Abstract

To determine the late incidence of pulmonary arteriovenous malformations after bidirectional Glenn in patients with azygos continuation of the inferior vena cava (Kawashima operation). From 1990 to 2006, 21 patients underwent a Kawashima procedure at a median age of 2.3 years (0.5-8 years). Underlying anatomy included atrioventricular septal defect [14], double-outlet right ventricle [13], pulmonary atresia [3], pulmonary stenosis [11], total anomalous pulmonary venous drainage [4] and bilateral superior vena cavae [14]. There was one hospital death after Kawashima due to low output syndrome. Follow-up was complete in all but one patient. Two patients died 23 days and 4 years after Kawashima following cardiac reinterventions (one atrioventricular valve replacement and one Fontan completion). Thirteen patients developed pulmonary arteriovenous malformations after a median of 4 years (2-9 years) after Kawashima.
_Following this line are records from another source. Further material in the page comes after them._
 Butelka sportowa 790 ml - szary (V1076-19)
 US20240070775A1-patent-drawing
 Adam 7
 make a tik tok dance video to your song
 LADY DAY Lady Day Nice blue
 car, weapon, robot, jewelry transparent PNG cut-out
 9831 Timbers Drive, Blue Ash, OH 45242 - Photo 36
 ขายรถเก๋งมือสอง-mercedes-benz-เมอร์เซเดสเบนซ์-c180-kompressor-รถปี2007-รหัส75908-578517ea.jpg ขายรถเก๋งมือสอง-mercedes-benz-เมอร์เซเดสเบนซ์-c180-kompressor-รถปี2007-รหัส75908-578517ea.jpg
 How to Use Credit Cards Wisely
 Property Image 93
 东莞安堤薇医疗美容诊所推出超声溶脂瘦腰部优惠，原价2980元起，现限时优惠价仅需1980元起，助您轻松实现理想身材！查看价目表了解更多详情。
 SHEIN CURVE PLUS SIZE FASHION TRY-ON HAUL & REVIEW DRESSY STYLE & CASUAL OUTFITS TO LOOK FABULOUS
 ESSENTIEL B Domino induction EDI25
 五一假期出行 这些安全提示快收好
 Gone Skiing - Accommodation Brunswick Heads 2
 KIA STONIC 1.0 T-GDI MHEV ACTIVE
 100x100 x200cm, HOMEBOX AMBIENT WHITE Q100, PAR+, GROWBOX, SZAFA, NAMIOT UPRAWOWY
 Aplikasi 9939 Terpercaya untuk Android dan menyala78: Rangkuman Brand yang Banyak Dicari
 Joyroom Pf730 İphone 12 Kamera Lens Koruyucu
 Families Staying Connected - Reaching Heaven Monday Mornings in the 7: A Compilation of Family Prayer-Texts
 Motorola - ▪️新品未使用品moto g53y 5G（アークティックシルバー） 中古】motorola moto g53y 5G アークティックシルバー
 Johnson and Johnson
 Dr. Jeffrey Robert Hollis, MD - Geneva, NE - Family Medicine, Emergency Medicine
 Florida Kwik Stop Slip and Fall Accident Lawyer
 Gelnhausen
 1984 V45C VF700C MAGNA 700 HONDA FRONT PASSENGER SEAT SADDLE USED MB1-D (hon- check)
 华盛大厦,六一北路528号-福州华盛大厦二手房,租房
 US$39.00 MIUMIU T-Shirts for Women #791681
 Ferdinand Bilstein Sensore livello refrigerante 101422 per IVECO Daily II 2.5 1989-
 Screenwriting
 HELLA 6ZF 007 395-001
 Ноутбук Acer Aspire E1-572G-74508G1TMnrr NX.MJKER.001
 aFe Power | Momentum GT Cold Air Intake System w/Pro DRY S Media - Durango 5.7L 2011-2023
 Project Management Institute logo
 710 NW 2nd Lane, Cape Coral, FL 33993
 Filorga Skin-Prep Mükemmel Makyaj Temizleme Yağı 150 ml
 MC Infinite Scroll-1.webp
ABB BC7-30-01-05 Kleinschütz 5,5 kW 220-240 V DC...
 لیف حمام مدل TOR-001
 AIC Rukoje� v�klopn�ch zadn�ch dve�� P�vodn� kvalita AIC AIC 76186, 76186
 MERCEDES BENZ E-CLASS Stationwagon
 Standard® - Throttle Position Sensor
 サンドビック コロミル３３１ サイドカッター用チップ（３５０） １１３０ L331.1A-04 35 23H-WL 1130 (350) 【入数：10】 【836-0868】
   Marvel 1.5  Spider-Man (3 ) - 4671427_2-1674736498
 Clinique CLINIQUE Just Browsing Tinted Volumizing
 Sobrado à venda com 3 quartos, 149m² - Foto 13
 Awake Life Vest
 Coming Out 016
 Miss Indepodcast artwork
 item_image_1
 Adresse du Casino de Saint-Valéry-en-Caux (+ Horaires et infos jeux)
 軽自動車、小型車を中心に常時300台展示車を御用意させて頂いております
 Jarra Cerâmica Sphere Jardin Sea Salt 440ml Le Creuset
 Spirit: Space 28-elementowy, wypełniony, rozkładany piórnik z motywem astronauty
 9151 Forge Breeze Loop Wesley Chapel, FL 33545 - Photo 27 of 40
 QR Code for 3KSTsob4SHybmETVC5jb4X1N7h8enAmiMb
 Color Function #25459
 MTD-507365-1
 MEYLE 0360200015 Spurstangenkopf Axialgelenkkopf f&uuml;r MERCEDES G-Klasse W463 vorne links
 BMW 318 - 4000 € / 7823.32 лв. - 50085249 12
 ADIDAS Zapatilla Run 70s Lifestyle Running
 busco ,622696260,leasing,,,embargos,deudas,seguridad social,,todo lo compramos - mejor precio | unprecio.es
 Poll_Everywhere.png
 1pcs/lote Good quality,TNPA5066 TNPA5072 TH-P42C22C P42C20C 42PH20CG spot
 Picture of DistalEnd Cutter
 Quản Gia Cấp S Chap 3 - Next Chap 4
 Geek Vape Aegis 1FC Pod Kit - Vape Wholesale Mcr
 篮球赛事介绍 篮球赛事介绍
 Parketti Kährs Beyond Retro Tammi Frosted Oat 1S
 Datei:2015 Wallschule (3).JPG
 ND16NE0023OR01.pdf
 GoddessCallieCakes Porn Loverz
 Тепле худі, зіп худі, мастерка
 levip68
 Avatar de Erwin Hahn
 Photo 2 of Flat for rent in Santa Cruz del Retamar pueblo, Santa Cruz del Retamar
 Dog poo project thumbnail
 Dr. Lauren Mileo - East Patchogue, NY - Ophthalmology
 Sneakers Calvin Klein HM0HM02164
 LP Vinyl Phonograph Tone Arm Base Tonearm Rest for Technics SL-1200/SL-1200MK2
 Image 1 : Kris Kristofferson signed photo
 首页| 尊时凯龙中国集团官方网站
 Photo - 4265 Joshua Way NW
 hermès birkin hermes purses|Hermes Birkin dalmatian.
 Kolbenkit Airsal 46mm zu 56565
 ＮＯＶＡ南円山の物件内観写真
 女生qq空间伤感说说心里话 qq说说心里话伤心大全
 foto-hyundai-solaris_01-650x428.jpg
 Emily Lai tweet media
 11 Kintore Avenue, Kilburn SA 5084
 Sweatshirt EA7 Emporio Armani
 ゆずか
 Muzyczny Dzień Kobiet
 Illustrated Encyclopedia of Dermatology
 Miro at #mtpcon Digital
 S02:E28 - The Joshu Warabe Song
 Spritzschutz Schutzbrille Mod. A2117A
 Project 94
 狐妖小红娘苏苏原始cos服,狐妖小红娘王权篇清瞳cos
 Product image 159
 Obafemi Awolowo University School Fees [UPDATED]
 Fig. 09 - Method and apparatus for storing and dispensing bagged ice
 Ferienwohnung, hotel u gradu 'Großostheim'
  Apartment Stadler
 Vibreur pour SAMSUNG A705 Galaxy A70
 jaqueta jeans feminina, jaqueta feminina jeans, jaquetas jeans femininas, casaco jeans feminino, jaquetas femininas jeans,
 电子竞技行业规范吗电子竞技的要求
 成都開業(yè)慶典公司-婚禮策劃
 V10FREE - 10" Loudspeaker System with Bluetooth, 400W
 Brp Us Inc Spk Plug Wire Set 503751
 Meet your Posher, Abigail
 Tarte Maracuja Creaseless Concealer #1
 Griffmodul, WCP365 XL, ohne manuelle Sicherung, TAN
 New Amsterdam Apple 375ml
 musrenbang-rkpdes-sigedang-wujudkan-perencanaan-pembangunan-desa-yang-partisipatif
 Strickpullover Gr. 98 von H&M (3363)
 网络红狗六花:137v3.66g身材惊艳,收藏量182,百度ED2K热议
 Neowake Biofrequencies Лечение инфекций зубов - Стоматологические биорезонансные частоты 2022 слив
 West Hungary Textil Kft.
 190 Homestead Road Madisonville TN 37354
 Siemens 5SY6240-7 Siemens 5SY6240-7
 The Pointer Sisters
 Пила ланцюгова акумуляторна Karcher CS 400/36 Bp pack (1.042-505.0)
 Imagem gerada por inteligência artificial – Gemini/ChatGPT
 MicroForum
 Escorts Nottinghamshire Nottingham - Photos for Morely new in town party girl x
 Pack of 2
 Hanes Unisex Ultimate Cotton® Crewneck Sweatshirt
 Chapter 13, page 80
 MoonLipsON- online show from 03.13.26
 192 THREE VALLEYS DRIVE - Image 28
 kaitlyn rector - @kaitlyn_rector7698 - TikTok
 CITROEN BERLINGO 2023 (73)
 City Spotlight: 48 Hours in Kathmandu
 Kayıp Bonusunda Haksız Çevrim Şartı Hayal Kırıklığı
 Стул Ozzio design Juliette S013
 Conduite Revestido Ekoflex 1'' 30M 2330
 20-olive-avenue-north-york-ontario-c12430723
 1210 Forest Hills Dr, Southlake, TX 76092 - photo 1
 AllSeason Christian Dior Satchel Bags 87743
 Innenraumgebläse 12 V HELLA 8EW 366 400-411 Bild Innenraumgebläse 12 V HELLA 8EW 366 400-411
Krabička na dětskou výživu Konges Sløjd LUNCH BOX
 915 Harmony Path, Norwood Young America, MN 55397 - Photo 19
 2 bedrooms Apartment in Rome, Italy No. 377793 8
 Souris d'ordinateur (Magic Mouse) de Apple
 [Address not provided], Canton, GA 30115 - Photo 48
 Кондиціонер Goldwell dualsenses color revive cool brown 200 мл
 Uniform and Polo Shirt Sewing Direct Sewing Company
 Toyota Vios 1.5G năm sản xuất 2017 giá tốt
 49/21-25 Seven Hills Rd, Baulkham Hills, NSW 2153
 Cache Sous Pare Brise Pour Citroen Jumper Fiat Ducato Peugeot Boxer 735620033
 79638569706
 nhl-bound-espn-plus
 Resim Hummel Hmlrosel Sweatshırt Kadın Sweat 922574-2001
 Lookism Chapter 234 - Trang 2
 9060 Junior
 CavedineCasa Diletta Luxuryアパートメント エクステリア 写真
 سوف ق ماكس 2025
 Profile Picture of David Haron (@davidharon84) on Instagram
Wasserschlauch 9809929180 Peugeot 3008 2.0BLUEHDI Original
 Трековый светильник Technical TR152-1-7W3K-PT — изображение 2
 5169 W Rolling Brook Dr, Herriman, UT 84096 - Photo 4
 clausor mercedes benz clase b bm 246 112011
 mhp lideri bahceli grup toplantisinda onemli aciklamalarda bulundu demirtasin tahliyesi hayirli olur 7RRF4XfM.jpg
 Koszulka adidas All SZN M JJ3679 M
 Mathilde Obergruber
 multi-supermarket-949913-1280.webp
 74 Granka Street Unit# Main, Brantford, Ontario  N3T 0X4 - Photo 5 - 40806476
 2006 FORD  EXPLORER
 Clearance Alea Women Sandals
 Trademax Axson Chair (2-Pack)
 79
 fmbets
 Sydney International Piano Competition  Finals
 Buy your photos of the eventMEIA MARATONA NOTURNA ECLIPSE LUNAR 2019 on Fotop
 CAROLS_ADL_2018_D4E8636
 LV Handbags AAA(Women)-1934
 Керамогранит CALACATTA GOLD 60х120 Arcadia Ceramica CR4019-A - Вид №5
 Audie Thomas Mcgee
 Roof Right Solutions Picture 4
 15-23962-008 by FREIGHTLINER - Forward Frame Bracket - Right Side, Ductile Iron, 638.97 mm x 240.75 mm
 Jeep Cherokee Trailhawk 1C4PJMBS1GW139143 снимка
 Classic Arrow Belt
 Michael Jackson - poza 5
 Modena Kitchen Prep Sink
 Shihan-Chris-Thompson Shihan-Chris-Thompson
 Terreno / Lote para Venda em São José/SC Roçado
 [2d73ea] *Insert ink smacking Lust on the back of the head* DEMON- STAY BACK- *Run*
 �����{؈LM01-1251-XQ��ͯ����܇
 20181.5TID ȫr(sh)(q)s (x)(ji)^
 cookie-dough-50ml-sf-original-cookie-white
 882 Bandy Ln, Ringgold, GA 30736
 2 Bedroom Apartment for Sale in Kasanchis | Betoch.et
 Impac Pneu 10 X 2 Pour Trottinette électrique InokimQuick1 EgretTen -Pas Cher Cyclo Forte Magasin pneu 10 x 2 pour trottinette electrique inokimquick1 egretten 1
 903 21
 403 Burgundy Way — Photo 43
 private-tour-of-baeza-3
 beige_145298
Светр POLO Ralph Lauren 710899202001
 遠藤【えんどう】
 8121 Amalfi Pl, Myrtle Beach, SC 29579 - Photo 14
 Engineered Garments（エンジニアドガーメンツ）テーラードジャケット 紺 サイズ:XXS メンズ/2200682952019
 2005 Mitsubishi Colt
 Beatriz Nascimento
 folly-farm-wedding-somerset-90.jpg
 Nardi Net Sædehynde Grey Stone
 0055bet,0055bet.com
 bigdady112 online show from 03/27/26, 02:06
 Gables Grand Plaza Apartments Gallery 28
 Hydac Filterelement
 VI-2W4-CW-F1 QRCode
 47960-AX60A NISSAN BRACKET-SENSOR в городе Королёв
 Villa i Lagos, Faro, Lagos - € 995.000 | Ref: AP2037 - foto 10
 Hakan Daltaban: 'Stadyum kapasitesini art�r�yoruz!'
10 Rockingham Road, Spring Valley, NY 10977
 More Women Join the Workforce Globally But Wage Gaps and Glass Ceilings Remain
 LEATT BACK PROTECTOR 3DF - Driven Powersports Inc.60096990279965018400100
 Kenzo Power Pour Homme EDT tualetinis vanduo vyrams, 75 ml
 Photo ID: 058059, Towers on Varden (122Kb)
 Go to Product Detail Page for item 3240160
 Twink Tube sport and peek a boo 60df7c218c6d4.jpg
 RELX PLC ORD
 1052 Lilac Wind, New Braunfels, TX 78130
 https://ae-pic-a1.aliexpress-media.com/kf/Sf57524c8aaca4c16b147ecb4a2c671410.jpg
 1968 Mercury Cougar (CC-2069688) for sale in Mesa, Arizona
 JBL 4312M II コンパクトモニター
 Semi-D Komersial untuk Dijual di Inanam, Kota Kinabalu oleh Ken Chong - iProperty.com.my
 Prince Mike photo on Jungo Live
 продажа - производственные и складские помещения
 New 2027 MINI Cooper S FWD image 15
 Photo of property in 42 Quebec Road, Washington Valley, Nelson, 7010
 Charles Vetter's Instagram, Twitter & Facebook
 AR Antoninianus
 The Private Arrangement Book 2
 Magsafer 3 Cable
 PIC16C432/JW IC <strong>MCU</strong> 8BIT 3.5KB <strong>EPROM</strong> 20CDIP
Freedom from development of arteriovenous malformations was 47% at 5 years (95% CI: 23-69%). A total of 16 patients underwent Fontan completion, 12 for cyanosis related to pulmonary arteriovenous malformations and four for decreased exercise capacity. Only three patients were left without Fontan completion at 4, 9 and 13 years after Kawashima. The two patients who had more than 9 years of follow-up after Kawashima had antegrade flow preserved between the ventricle and the pulmonary arteries. Unless some hepatic blood flow is directed to both lungs, most, if not all patients with a Kawashima procedure will ultimately develop pulmonary arteriovenous malformations. Elective non-fenestrated Fontan completion in the years following Kawashima procedure should be recommended.